**Work to complete**: Retype the listing below line for line, but only from the line with "Os Feiticeiros de Waverly Place: 3×5" down to the line with "Adidas Superstar X Vitoria White/Black/White", inclusive. Pictures stay out.

**Data for processing**:
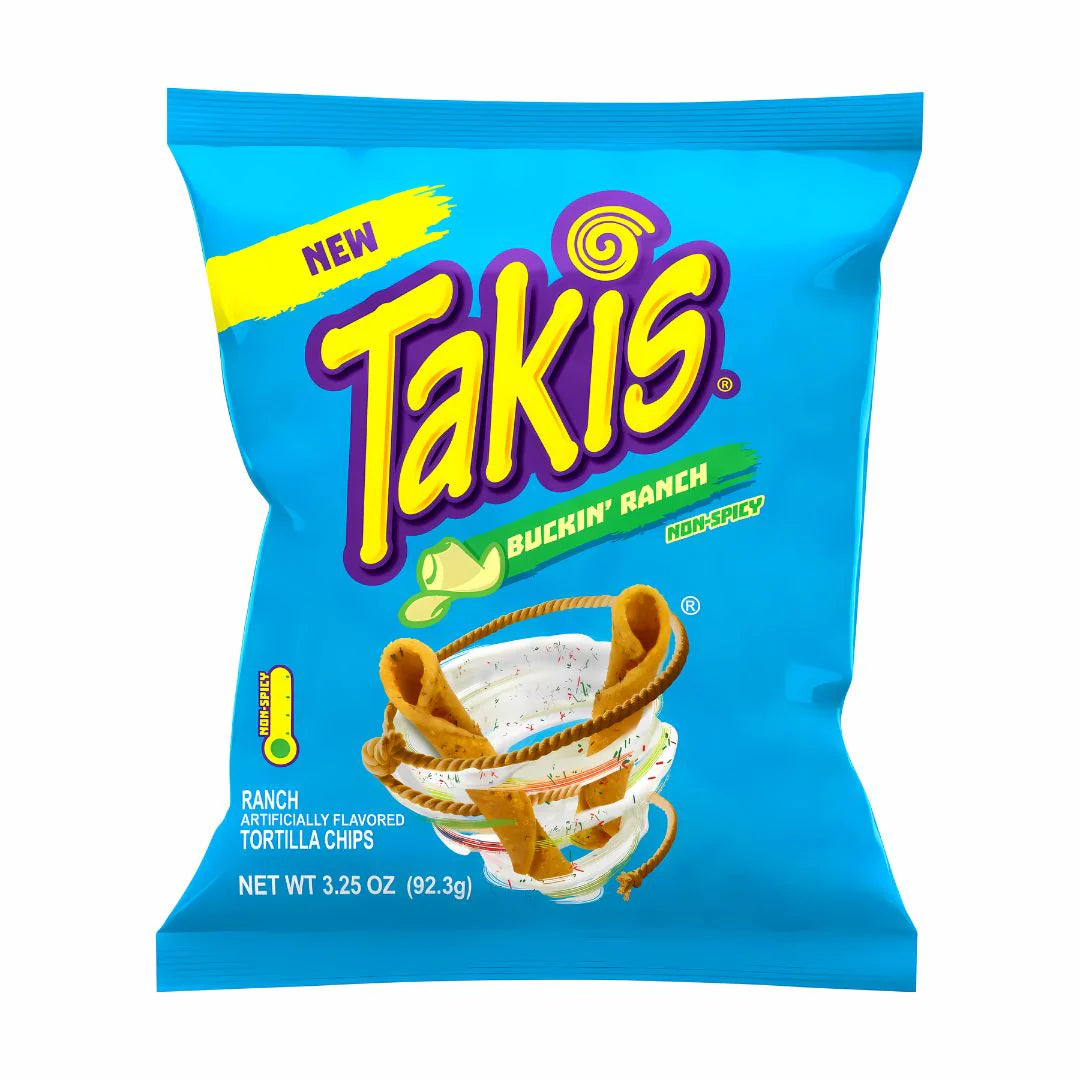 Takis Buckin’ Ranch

...

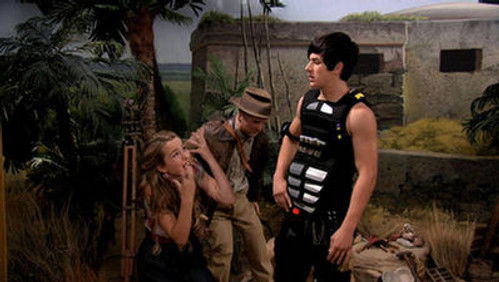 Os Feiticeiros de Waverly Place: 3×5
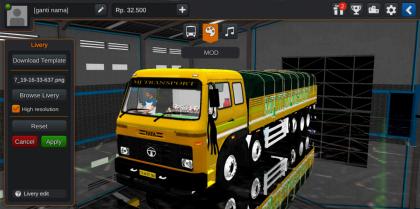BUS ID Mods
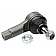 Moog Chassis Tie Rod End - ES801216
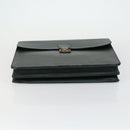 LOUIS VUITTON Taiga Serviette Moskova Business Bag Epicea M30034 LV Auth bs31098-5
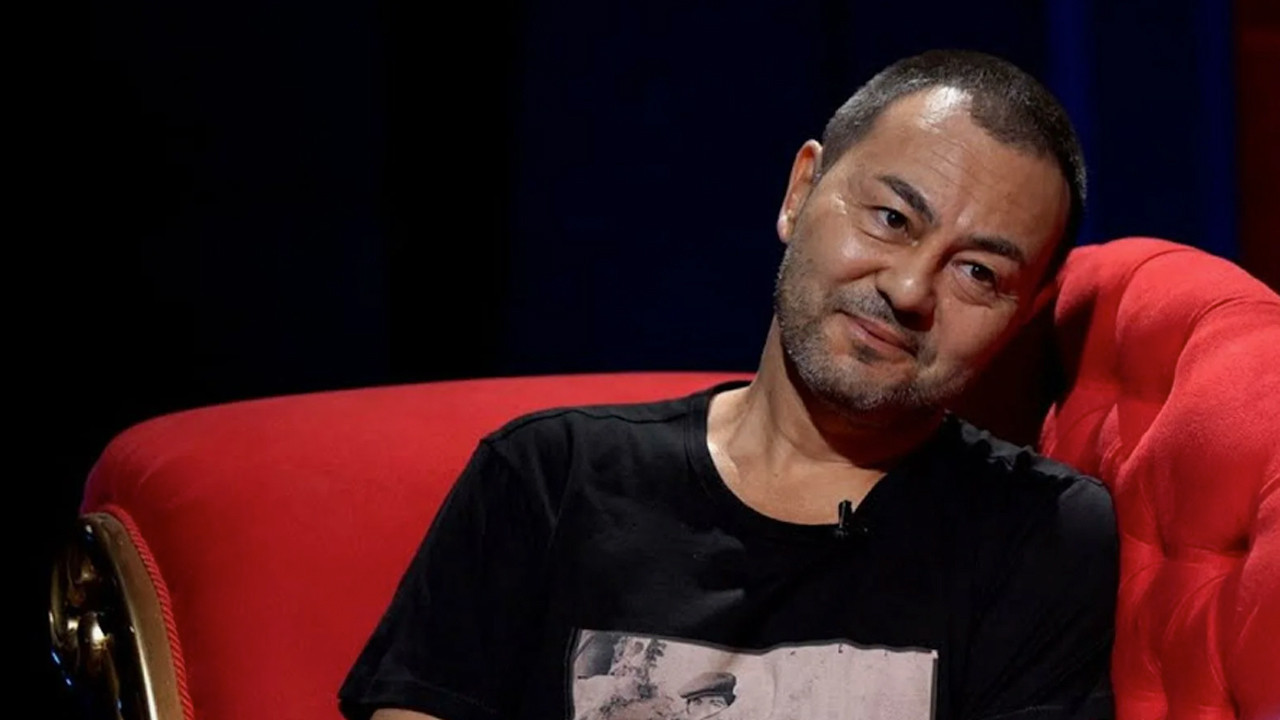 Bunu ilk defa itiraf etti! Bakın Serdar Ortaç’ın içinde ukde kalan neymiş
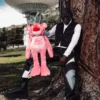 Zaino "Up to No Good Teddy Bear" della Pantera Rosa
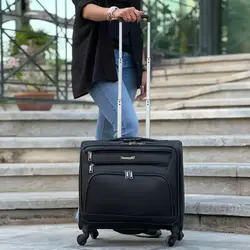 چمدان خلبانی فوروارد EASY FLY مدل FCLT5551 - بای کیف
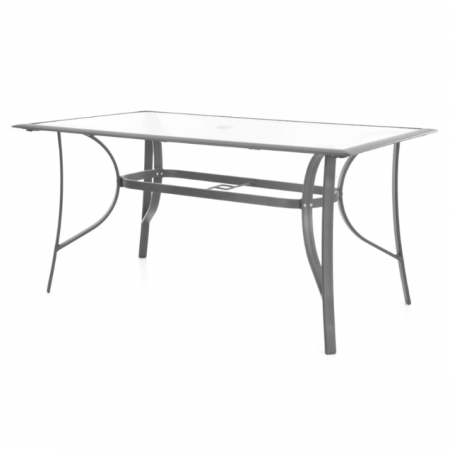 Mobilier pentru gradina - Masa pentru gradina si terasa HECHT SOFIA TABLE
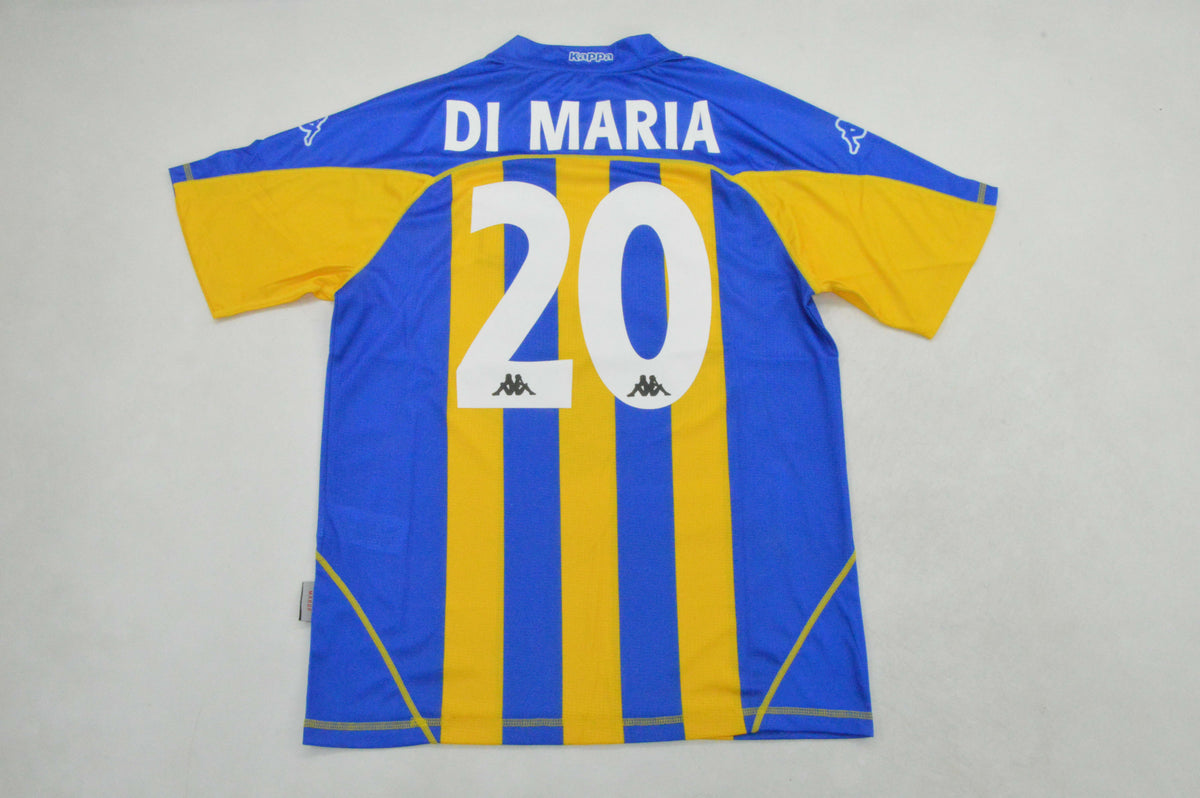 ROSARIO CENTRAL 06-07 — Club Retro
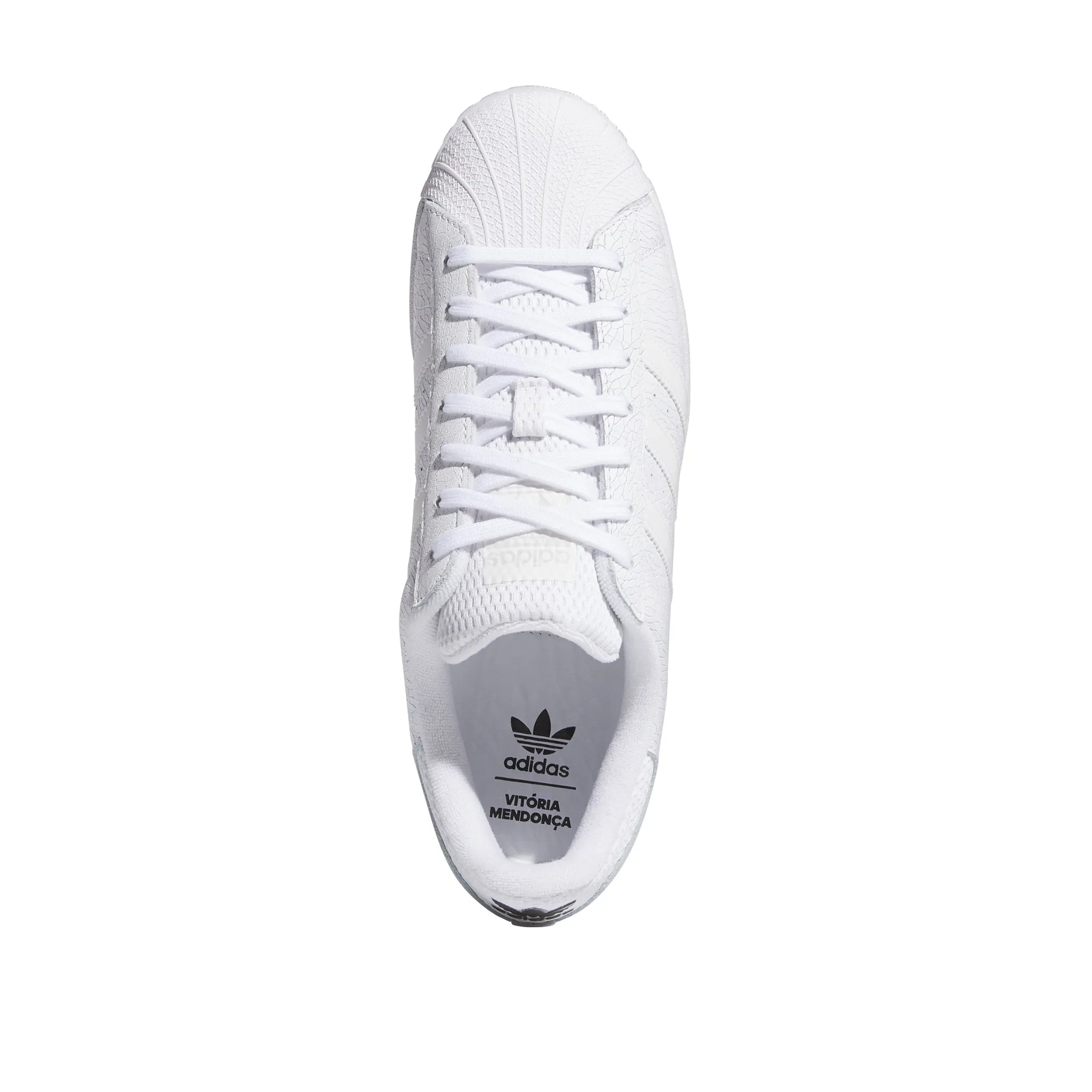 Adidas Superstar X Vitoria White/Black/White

==

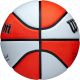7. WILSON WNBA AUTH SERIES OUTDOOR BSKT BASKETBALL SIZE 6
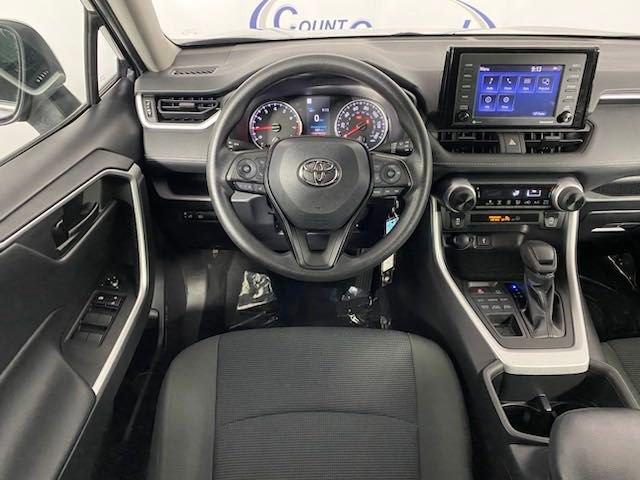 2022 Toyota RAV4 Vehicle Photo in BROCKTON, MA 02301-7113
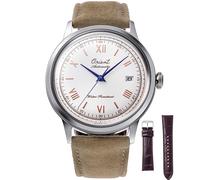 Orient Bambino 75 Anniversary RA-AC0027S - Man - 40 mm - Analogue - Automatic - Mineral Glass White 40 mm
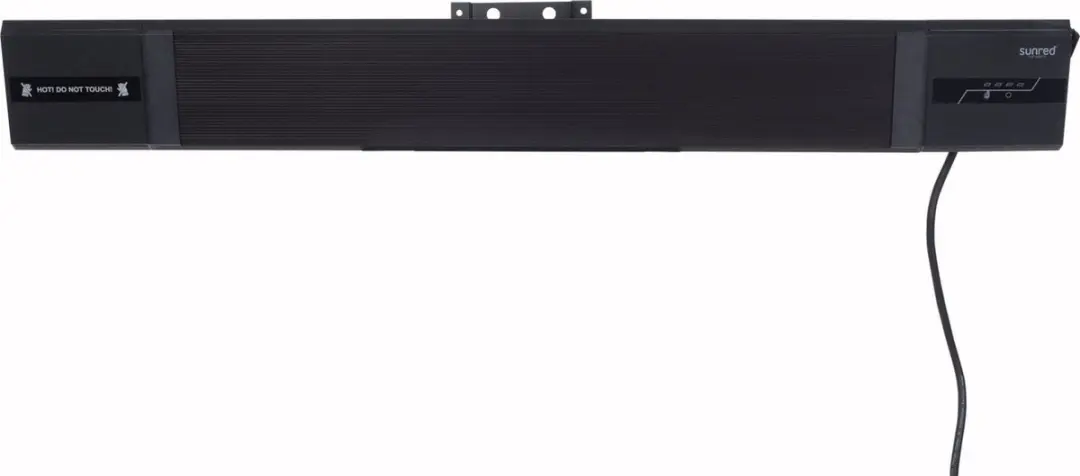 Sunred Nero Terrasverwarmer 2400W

**Problem solution**:
 Os Feiticeiros de Waverly Place: 3×5
BUS ID Mods
 Moog Chassis Tie Rod End - ES801216
 LOUIS VUITTON Taiga Serviette Moskova Business Bag Epicea M30034 LV Auth bs31098-5
 Bunu ilk defa itiraf etti! Bakın Serdar Ortaç’ın içinde ukde kalan neymiş
 Zaino "Up to No Good Teddy Bear" della Pantera Rosa
 چمدان خلبانی فوروارد EASY FLY مدل FCLT5551 - بای کیف
 Mobilier pentru gradina - Masa pentru gradina si terasa HECHT SOFIA TABLE
 ROSARIO CENTRAL 06-07 — Club Retro
 Adidas Superstar X Vitoria White/Black/White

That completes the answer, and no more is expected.